In 2011, in response to the Deputy Secretary’s direction, DHS completed an effort called the Human Capital Segment Architecture, which, according to DHS, defined the department’s current (or as-is) state of human capital management processes, technology, data, and relevant personnel. Further, from this current state, the department developed a comprehensive future state (or target state), and a document referred to as the Human Capital Segment Architecture blueprint that redefined the HRIT investment’s scope and implementation time frames.[7]

As part of this architecture effort, DHS conducted a system evaluation and determined that it had many single use solutions developed to respond to a small need or links to enable disparate systems to work together. DHS reported that the numerous, antiquated, and fragmented systems inhibited its ability to perform basic workforce management functions necessary to support mission critical programs. The document stated that the department’s hiring process involved multiple hand-offs which resulted in extra work and prolonged hiring. The numerous systems and hand-offs slowed DHS’s response to emergencies and limited its ability to deploy trained, certified, and skilled personnel.
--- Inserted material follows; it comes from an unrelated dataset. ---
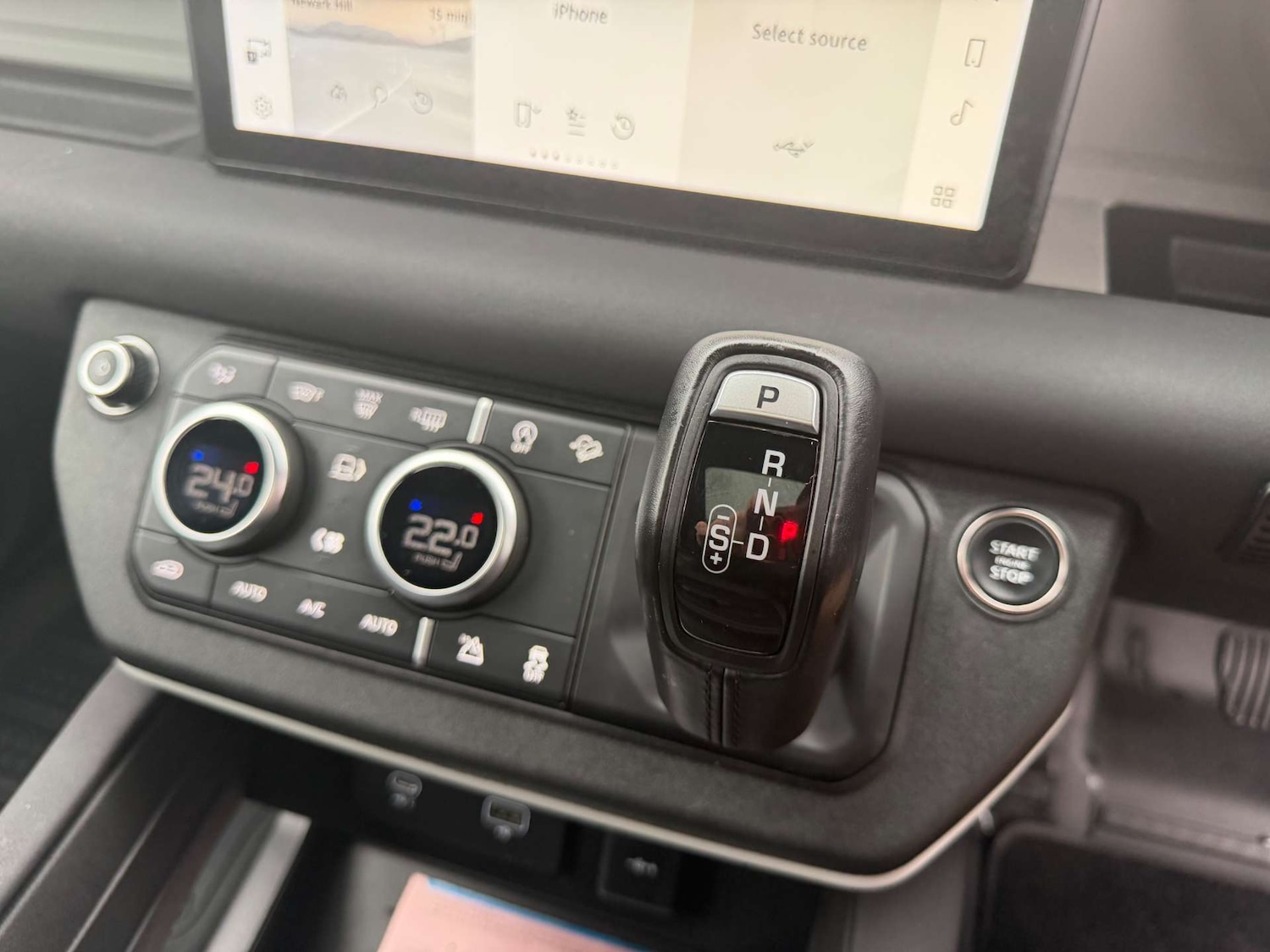 Used Land Rover Defender 2022 for sale - 77690663: Photo 13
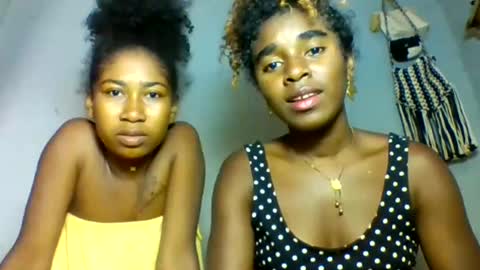 elina981 online show from 03-26-26, 08:09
To address this issue, the blueprint articulated 15 strategic improvement opportunity areas or goals that would comprise HRIT (e.g., enabling seamless, efficient, and transparent end-to-end hiring). The blueprint also outlined 77 associated projects (e.g., deploying a department-wide hiring system, establishing an integrated data repository and reporting mechanism, and developing a centralized learning center) to implement these 15 opportunities. Each opportunity area or goal includes from one to 10 associated projects. Table 1 summarizes the scope of the 15 strategic improvement opportunities—listed in the order of DHS’s assigned priority—and identifies their original planned completion dates as of August 2011 when the blueprint was issued.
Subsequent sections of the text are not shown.